(Saved entries)
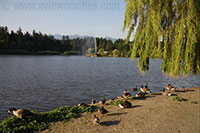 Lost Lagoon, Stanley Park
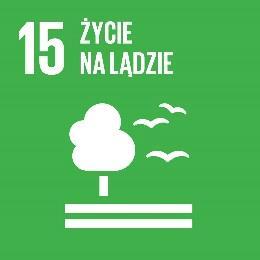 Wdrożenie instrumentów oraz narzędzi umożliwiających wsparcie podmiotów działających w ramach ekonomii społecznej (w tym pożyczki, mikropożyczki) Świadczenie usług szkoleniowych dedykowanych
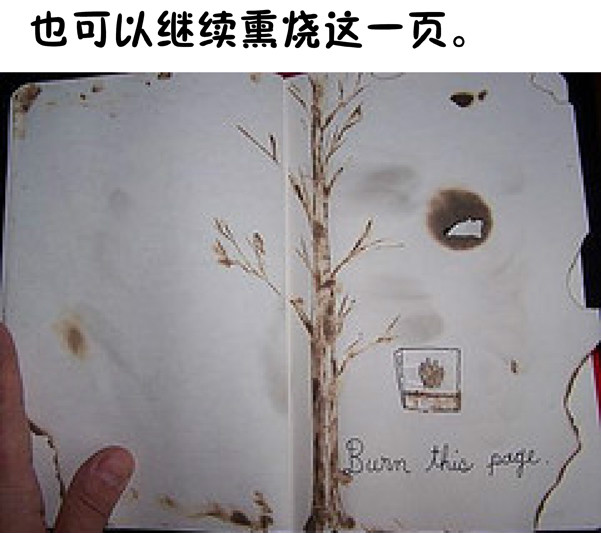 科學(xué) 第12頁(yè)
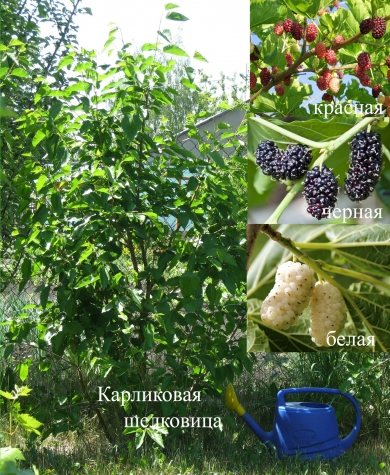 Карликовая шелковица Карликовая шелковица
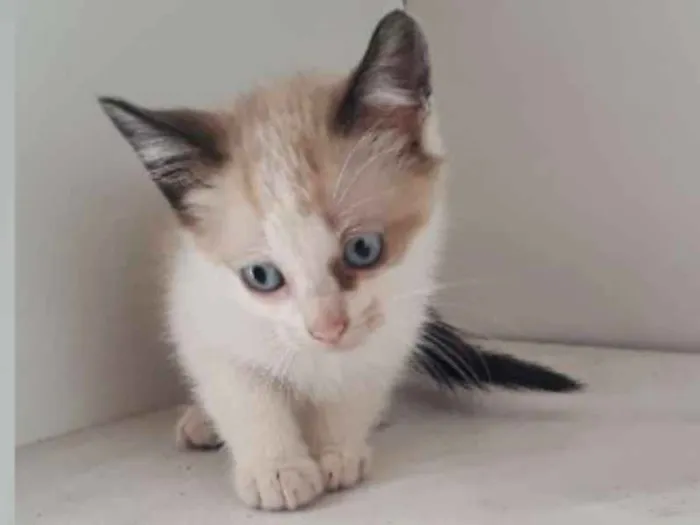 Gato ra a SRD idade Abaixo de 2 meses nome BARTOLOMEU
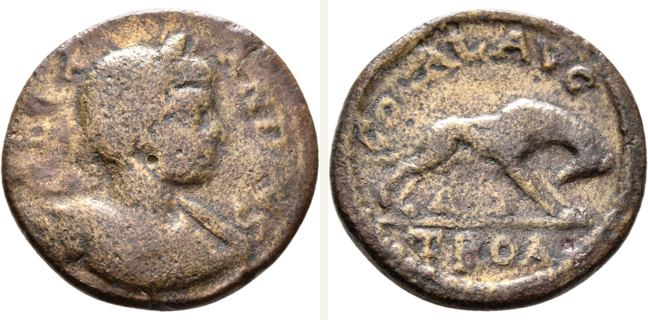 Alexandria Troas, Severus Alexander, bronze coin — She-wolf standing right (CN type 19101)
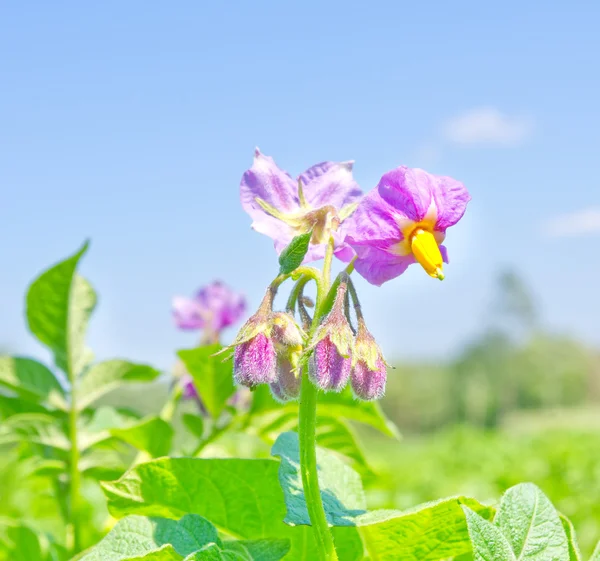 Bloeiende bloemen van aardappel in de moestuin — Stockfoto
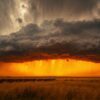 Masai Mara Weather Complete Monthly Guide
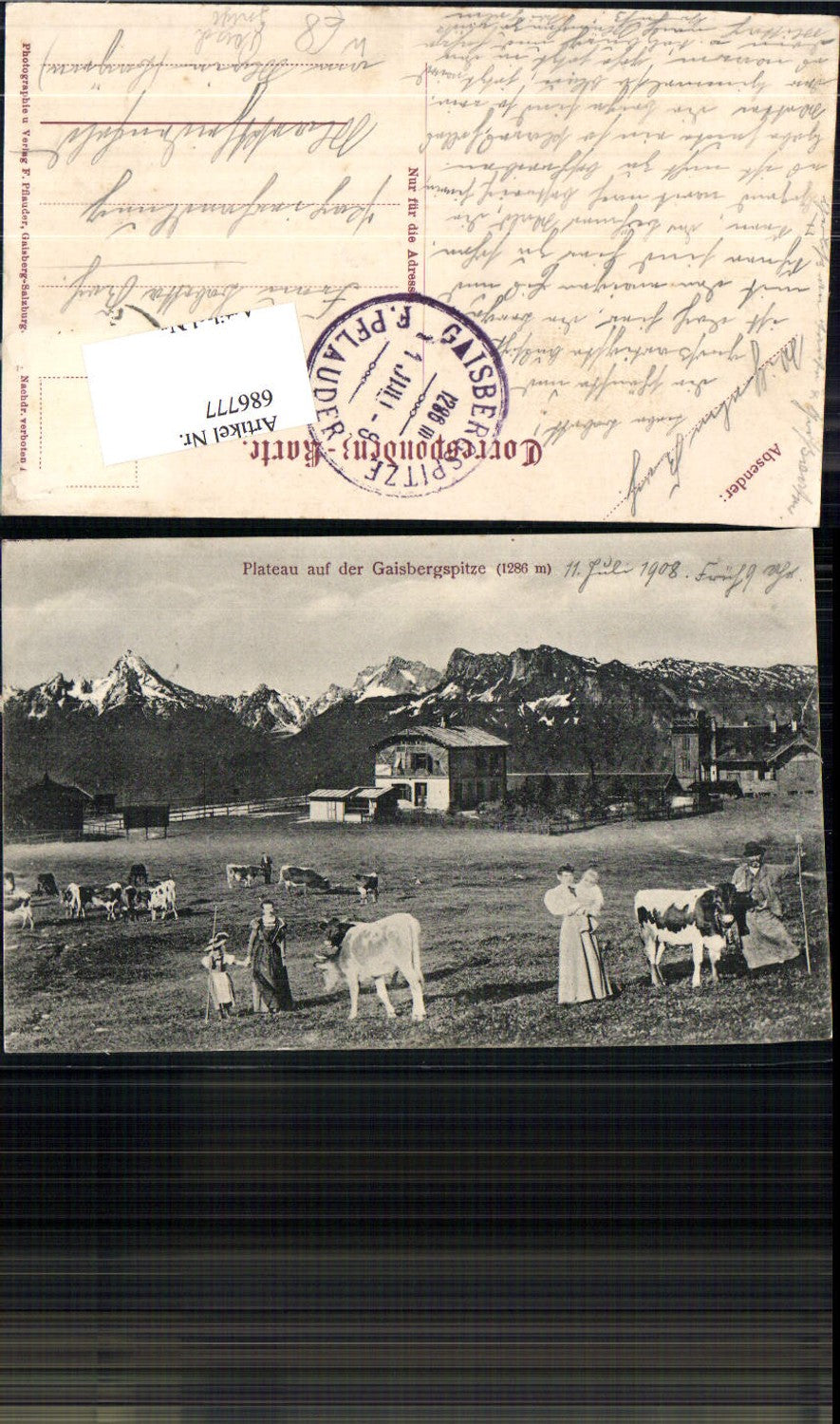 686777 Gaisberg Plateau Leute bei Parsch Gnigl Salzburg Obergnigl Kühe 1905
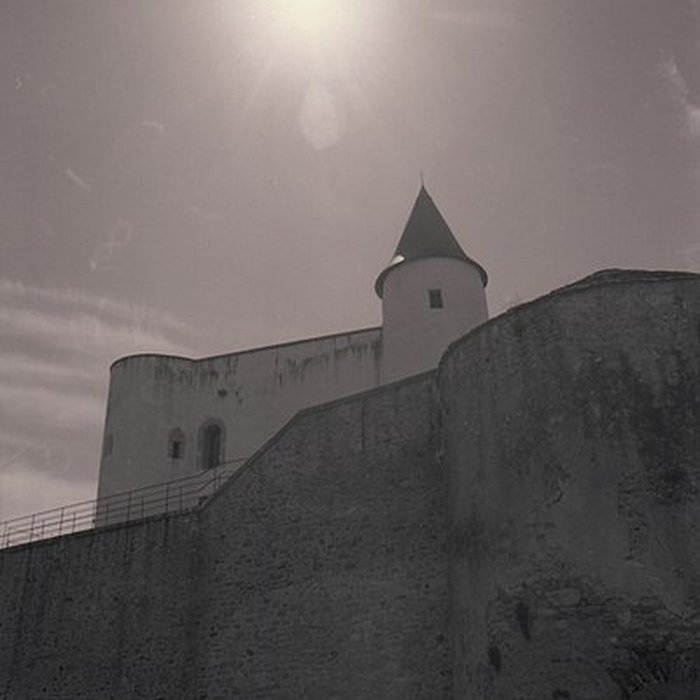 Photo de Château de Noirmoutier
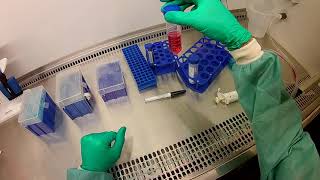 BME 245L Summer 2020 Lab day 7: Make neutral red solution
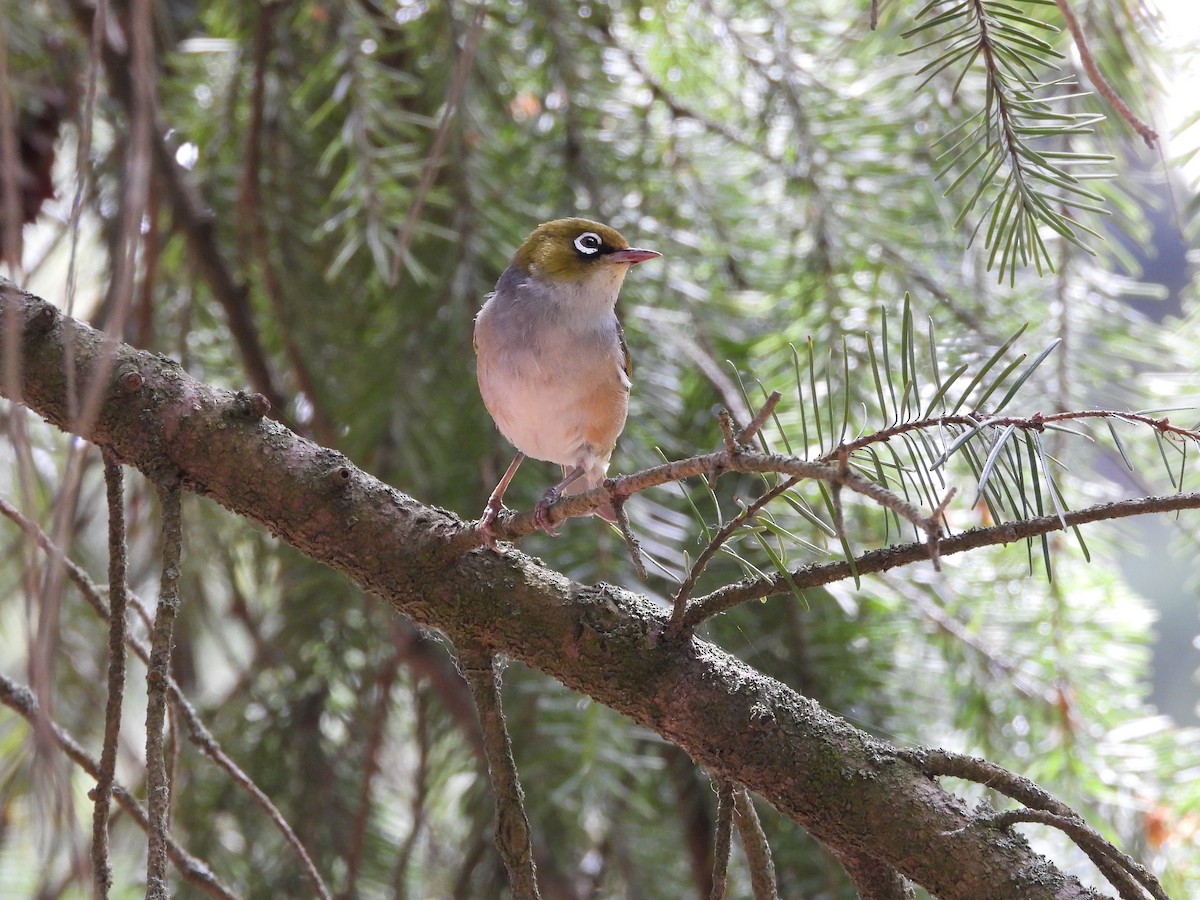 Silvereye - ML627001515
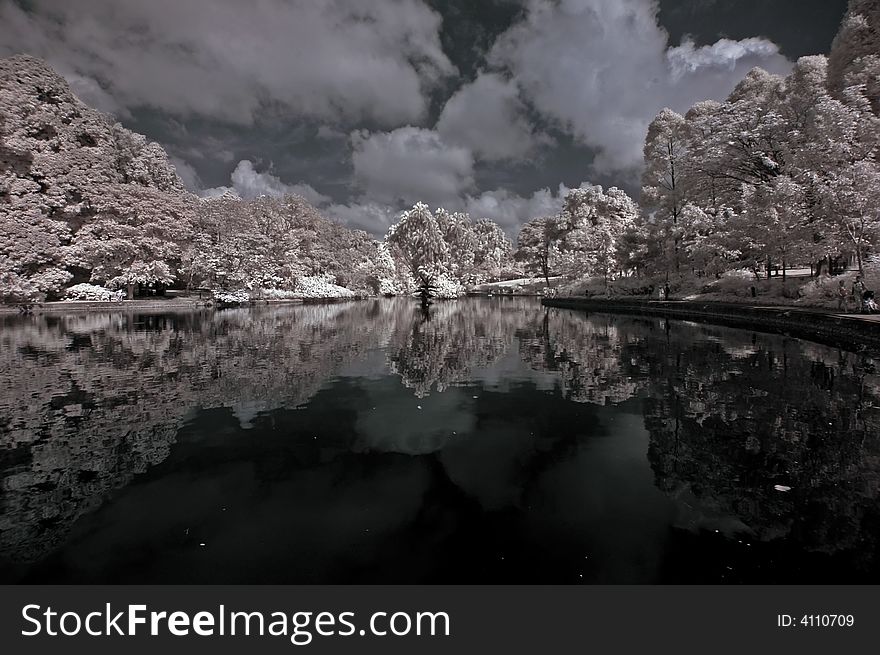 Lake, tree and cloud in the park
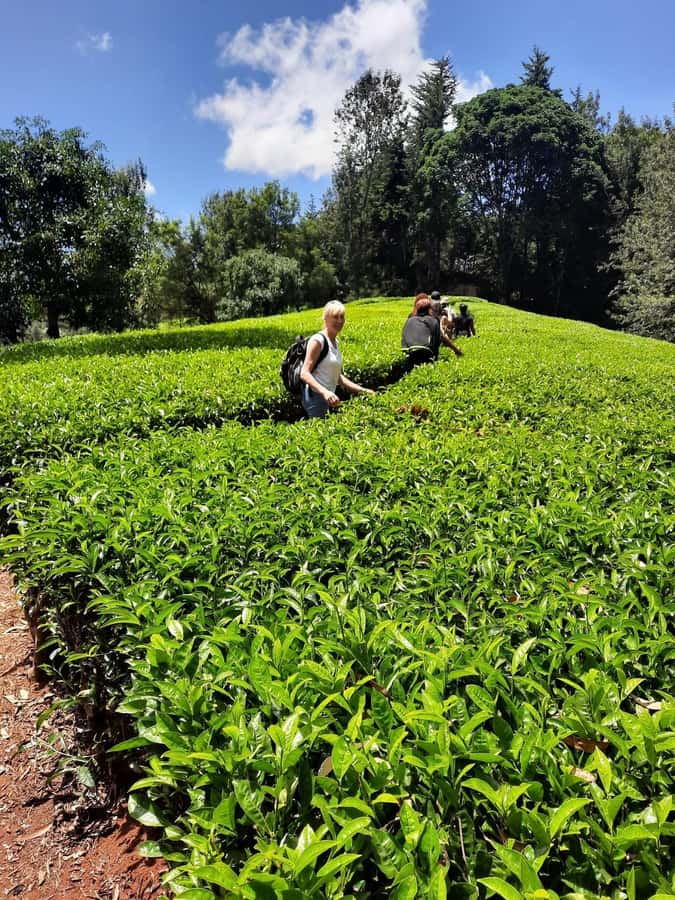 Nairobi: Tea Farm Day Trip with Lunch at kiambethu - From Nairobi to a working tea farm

Description of the task:
Copy exactly the lines from the line containing "Lake, tree and cloud in the park" through the last line of the records, both included, and omit every picture.

Solution to the exercise:
 Lake, tree and cloud in the park
 Nairobi: Tea Farm Day Trip with Lunch at kiambethu - From Nairobi to a working tea farm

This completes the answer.